Concurrency

AssemblyAI’s Streaming STT API features unlimited, automatic scaling concurrency limits for paid accounts. Unlike pre-recorded transcription, there is no hard cap on the total number of concurrent streaming sessions. Instead, the constraint is on the number of new streaming sessions that can be opened per minute.

Default limits

Account typeStarting rate limit (new sessions/min)
Free5
Paid100+
Need a higher concurrency?

Our services are infinitely scalable and we offer custom concurrency limits that scale to support any workload at no additional cost.

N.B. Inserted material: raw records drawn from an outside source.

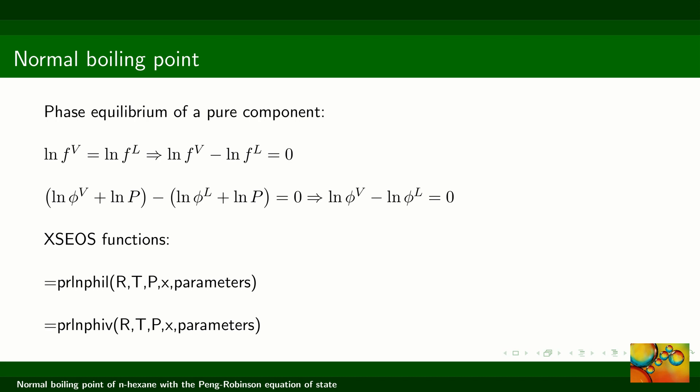To do that, we will use two intrinsic functions of the XS EOS package, PR-LnPhi-L and PR-LnPhi-V, which return the logarithm of the fugacity coefficient of the liquid and vapor phases, respectively.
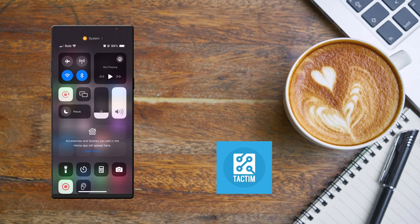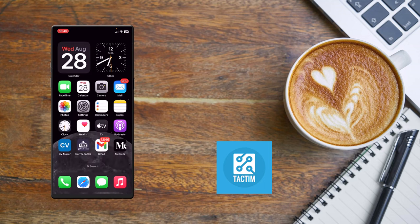Go back to the Control Center and find Cellular Data. Toggle Cellular Data off for a few seconds and then turn it back on. Check whether your problem has been fixed or not.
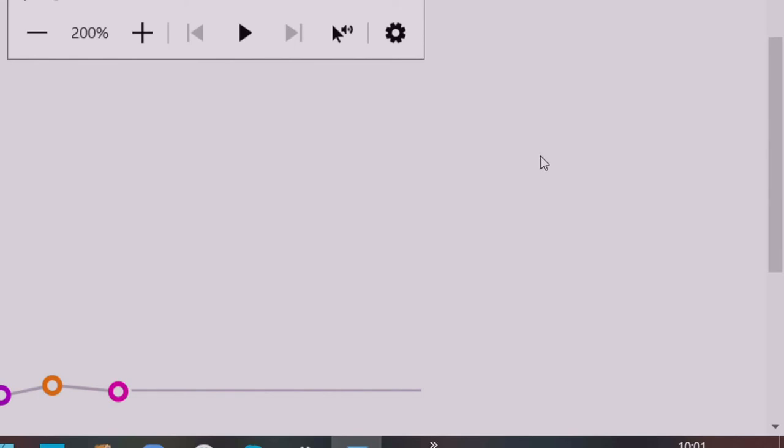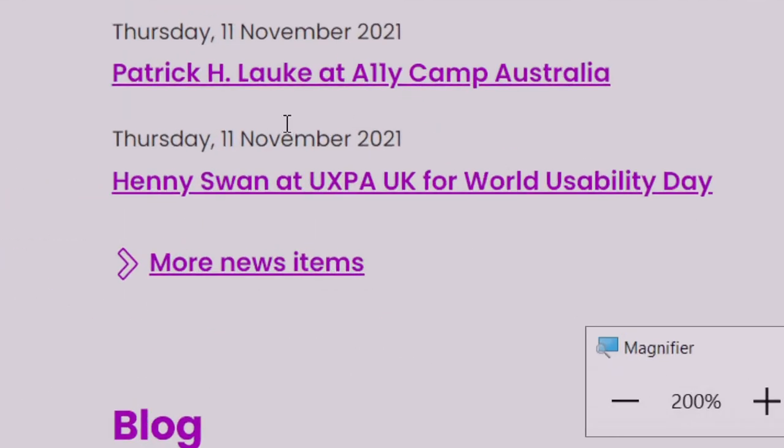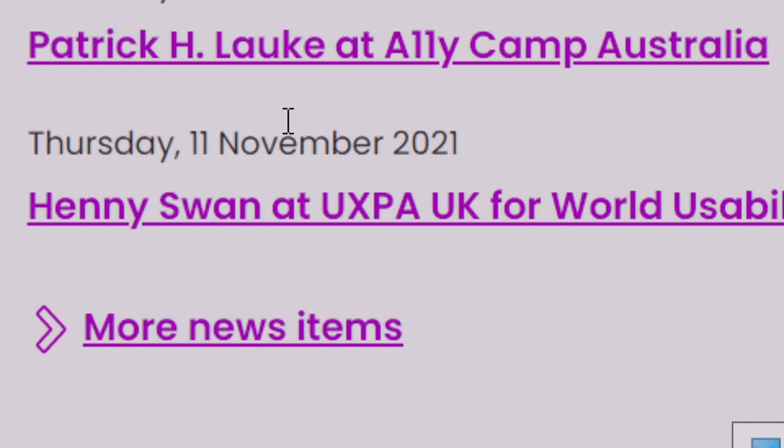When using screen magnification, it can be easy to become disoriented in long web pages or pages with a lot of content or large areas of white space. A common strategy is to zoom out to find your location quickly and then zoom back in again to explore the content in depth.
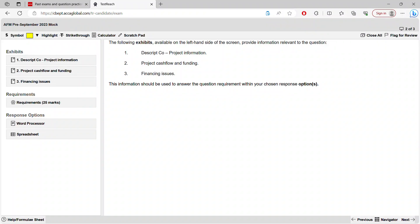Welcome to question number two of the AFM pre-September 2023 mock. In my first video I discussed question number one, which covered net present value. This question is going to focus on adjusted present value (APV). Make sure you go through the exhibits and the requirements before watching this video, as I'm not going to read each exhibit in detail — I'll show you how to pick important points and link them to requirements.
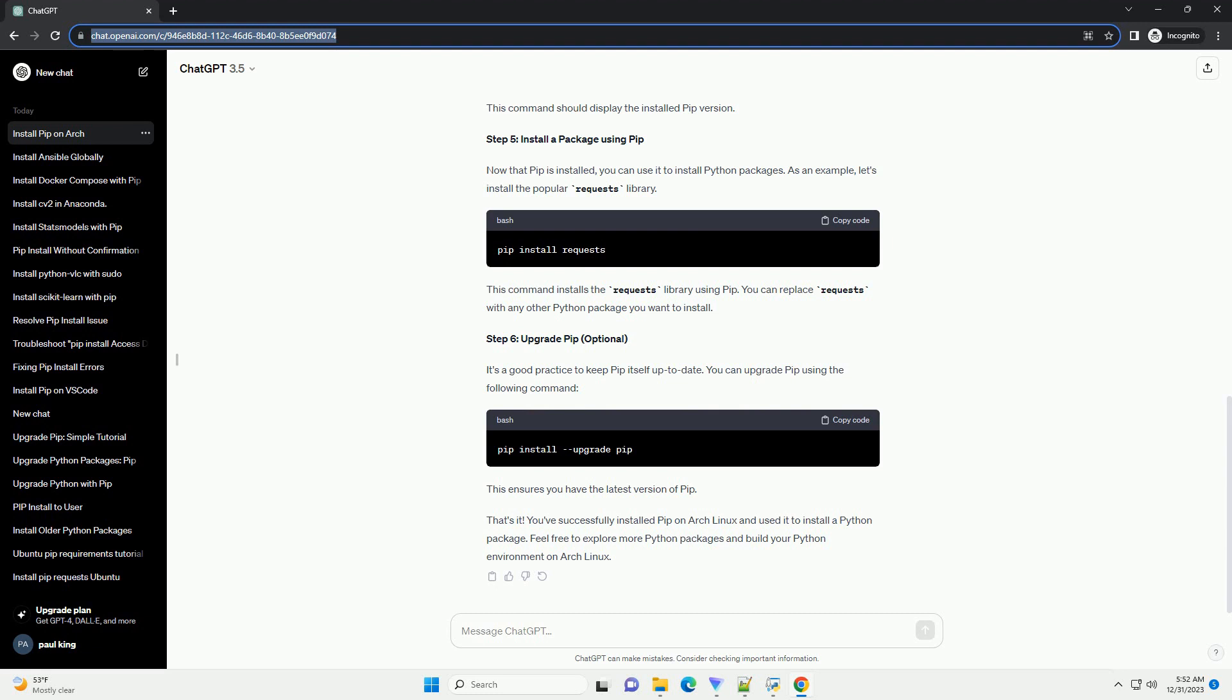Step 3. Install PIP. PIP is the package installer for Python. You can install it using the following command. This installs PIP alongside your Python installation.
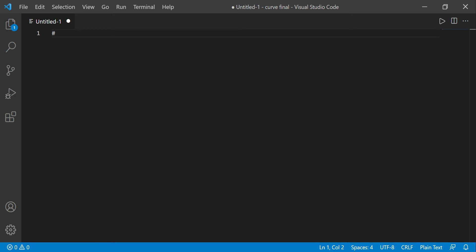Welcome everyone to another Coding Cleverly video. Today's topic is about sorting. Before going over to one of the sorting algorithms — specifically the insertion sort algorithm, which is one of the classical algorithms to sort any kind of data set — I want to discuss what sorting is and why it is so useful.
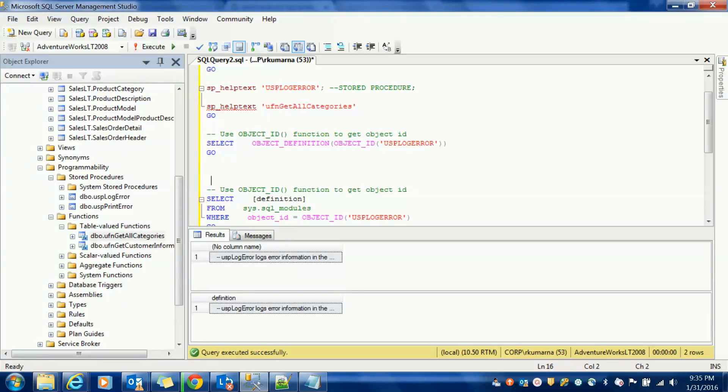Hi friends. In this video, I'm going to explain how to do word wrapping in SQL Server 2008 Management Studio.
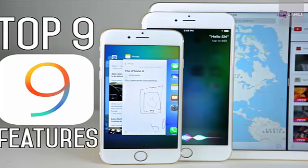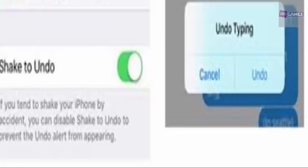iOS allows you to shake your phone to undo typing you just did in apps such as messages, mail, calendar, notes, or contacts. It's a handy feature, but it can also be annoying.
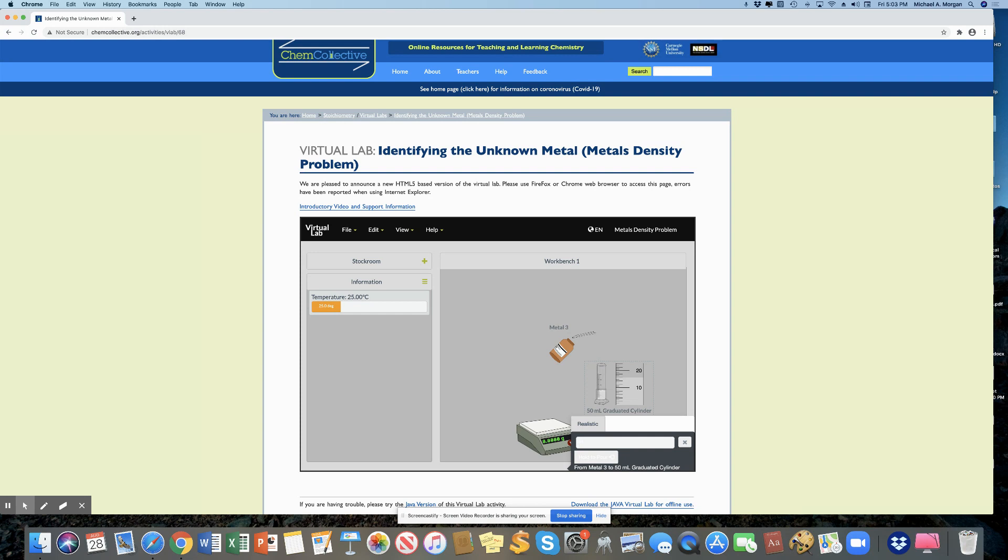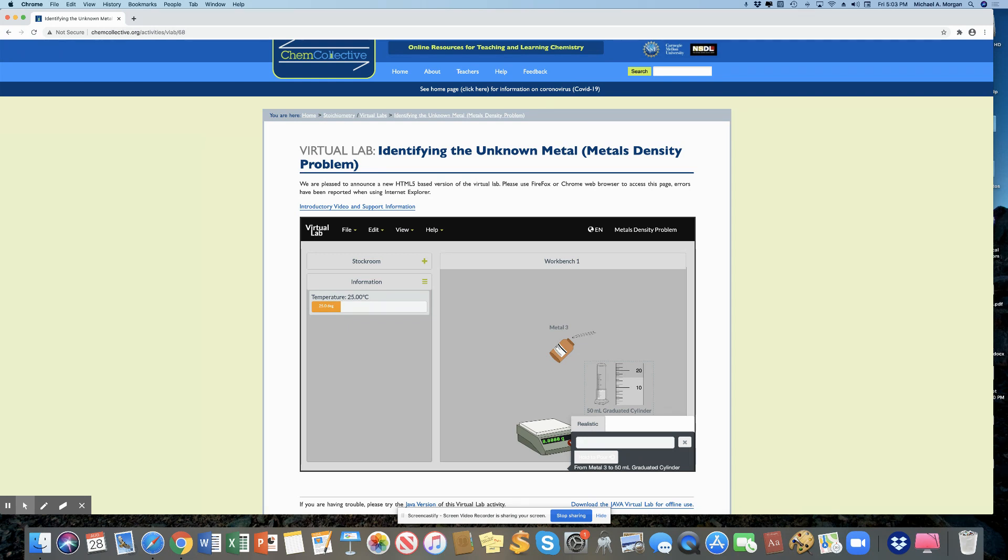Now this is really crucial. You have to write down the volume at this point. If you close this by hitting that little X before you've written down that volume, you're not going to be able to get that volume again. So this number is definitely between 10 and 20 milliliters.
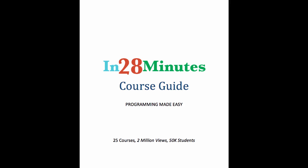There is one question we are frequently asked: What do I learn next? Our in 28 Minutes course guide has the answer to that question.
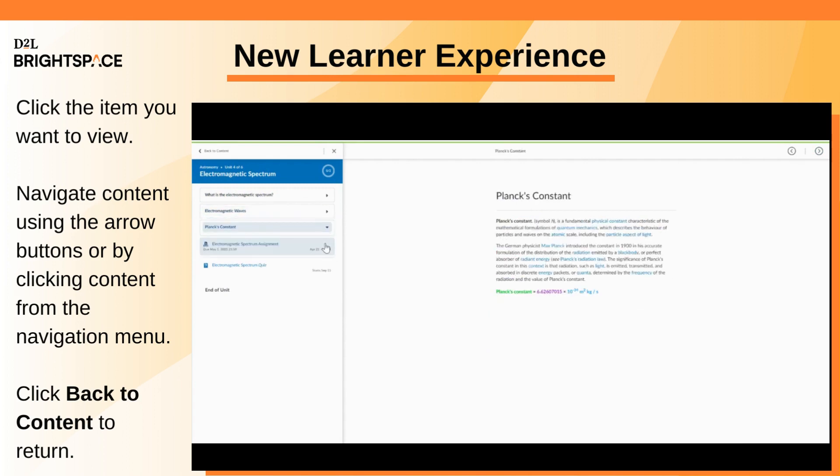At any time, you can return to the table of contents by clicking Back to Content.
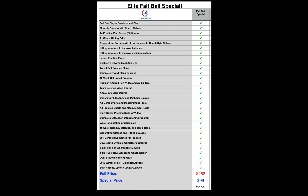You're going to get our 14 practice plan series plus our travel ball specific plans. We have 21 chaos drills that are incredibly popular with our members right now — this creates a great decision-making environment in practice so your players aren't just learning to swing, they're learning to actually hit. We give you our hitting rotations as well as our 21-week bat speed improvement plan, and all of our camp plans for pitching, catching, and full team camps.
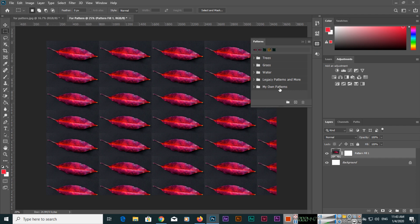I hope you have learned a lot about the new Patterns panel in Adobe Photoshop 2020. Thank you very much for watching. Please subscribe to my channel and share the video with your friends so they can also learn new things and increase their professional skills. Thank you very much once again.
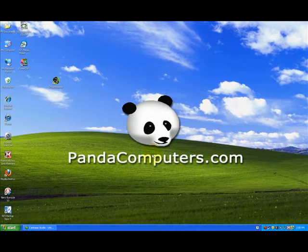Hi, this is Andrew with PandaComputers.com and welcome to our video series on Windows XP. This is a quick tip on how to change your home page for your internet browser.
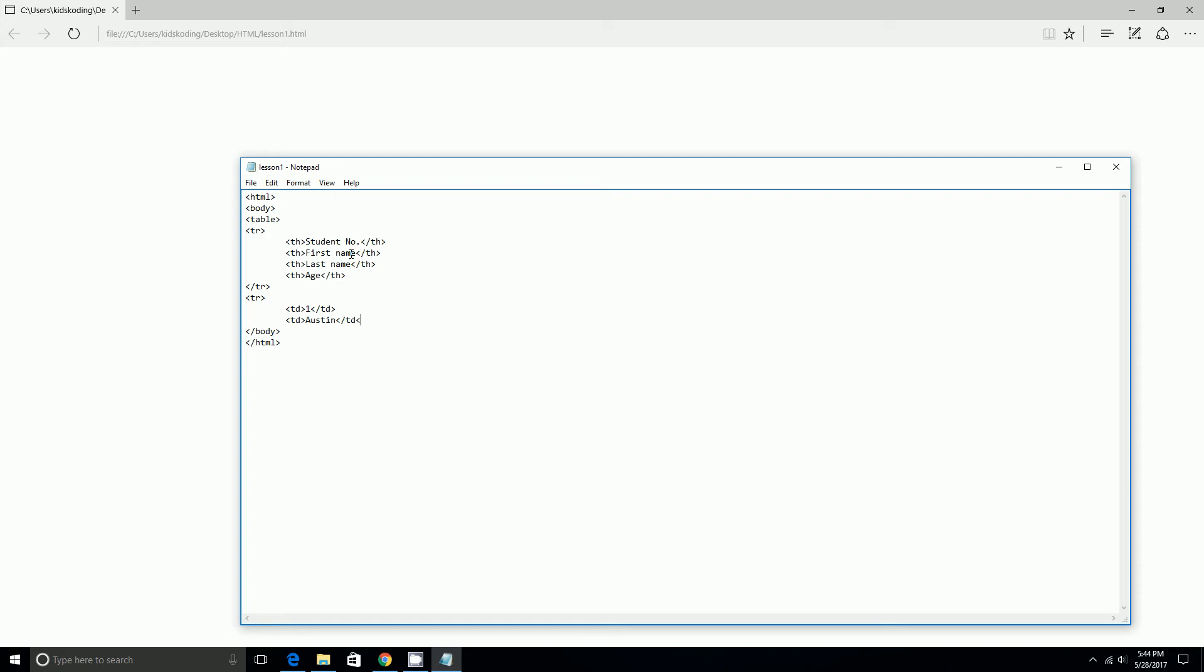I'm just going to do fake names for people. Last name Black. I'm going to do seven, how many years old he is. And then we'll end the table row.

If you need a higher concurrency limit, please either contact our Sales team or send an email to support@assemblyai.com.

Auto-scaling

Anytime you are utilizing 70% or more of your current limit, the number of new streams able to be opened over the next minute will automatically increase by 10%.

For example, assuming you max out your available new sessions rate limit each minute for 5 minutes:

MinuteNew sessions/minTotal concurrent streams
1100 (default)100
2110 (100 x 1.10)210
3121 (110 x 1.10)331
4133 (121 x 1.10)464
5146 (133 x 1.10)610

At the start of the 6th minute, there would be 610 total concurrent open streams. Over the next 60 seconds, a maximum of 161 (146 x 1.10) new streams would be able to be opened.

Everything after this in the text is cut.